Men’s Snowboard Knuckle Huck: Rene Rinnekangas of Finland took his first Knuckle Huck gold. His winning tricks included a Cab 540 hand drag bringback to 360, a power slide to frontside rodeo 720, and a hand drag double sloth roll. Halldor Helgason of Iceland took silver. Marcus Kleveland earned bronze (his second medal of the weekend).

Men’s Ski SuperPipe: The final event of the weekend and it delivered. Finley Melville-Ives, a 19-year-old from New Zealand, opened with a 93.00 that nobody could beat. Then Ferreira, the hometown hero, put down a monster run featuring a switch double cork 1080 and a 1620 to close. Goepper answered with a 92.00, ending with a switch bio 9 and snapping his poles over his legs in celebration. But Melville-Ives, already sitting in gold, dropped in again anyway and improved to 95.00, soaring 20 feet 6 inches on the wall. He did not need to go. He went anyway. Gold: Melville-Ives. Silver: Nick Goepper. Bronze: Alex Ferreira.

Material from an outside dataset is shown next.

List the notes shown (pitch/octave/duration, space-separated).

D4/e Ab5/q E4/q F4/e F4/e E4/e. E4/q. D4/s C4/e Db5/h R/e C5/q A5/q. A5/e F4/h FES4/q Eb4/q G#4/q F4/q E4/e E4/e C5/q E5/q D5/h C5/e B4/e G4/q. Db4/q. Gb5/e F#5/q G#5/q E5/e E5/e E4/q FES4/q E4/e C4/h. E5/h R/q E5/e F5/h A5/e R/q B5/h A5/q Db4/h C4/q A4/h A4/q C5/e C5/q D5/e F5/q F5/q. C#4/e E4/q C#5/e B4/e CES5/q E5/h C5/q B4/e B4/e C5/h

Women’s Ski Knuckle Huck: Marin Hamill took gold with a switch right tail butter 720 in her second X Games appearance, having recently qualified for Milano Cortina 2026. Alais Develay of France earned silver, also with a 720 but larger than bronze medallist Anni Karava of Finland.

Snowmobile Freestyle: Brett Turcotte of Canada won with a dominant opening run. Snowmobile Speed and Style was converted to a head-to-head snocross format due to poor visibility, with 39-year-old Willie Elam of Idaho winning his first X Games gold.

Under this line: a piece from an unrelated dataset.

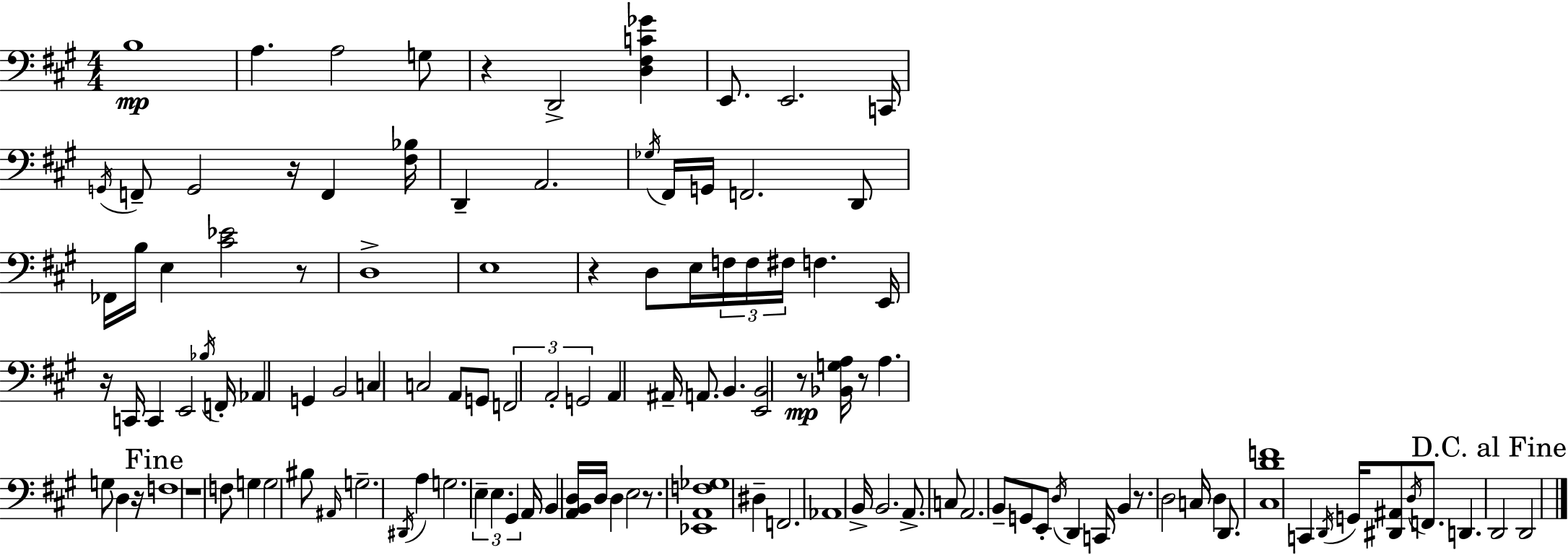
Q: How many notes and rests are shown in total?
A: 118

What This Weekend Tells Us

Three things.

First, British winter sports is in the strongest position it has ever been. Brooks, Atkin, and Muir are not anomalies. They are the visible tip of a pipeline that runs from dry slopes and indoor centres in the UK through BUSC and into the World Cup and X Games circuits. This is exactly the kind of story we exist to cover at Gravity.

Second, the generational shift is real. Shimizu is 16. Perlmutter is 16. Brown is 15. Harrington is 21. These riders are not “ones to watch in the future”. They are winning now.

Third, the legends are not finished. McMorris, James, Hall, and Gremaud proved that experience still wins when it matters most. The sport is getting younger and more technical, but the riders who have been through the pressure of X Games finals before still know how to handle the moment.

X Games Aspen 2026 was Year 25. If the next 25 produce weekends anything like this one, the event’s legacy is secure.